The daughter of the first activist prosecuted under Russia’s law against “undesirable organizations” has reportedly died in intensive care.
Anastasia Shevchenko, a coordinator for the Open Russia pro-democracy NGO, was placed under house arrest last week over violations of the 2015 law against “undesirable organizations.” Human Rights Watch called Shevchenko the first activist to be charged under the law and Amnesty International declared her a prisoner of conscience.
First Victim of Russia’s ‘Undesirable Organizations’ Law Declared Prisoner of Conscience
Shevchenko’s 17-year-old daughter died in intensive care, the MBKh Media online news outlet reported Thursday, citing its columnist and long-time human rights activist Zoya Svetova.
Shevchenko’s daughter was hospitalized from a special-needs boarding school in critical condition with obstructive bronchitis on Wednesday, according to Open Russia.
Investigators allowed Shevchenko to visit her daughter that evening after she was hospitalized with heart failure, Open Russia said.
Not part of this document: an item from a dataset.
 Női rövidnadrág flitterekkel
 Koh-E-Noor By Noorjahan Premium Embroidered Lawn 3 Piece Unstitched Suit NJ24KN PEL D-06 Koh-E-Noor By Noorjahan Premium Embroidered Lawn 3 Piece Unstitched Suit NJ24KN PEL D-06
President Vladimir Putin’s spokesman reportedly said the Kremlin was unaware of Shevchenko’s case.
The 2015 law allows prosecutors to limit or halt the work of organizations labeled “undesirable” and fine or jail violators for up to six years.
Open Russia was founded by exiled former oligarch Mikhail Khodorkovsky, who also launched MBKh after authorities blacklisted and blocked access to Open Russia in December 2017.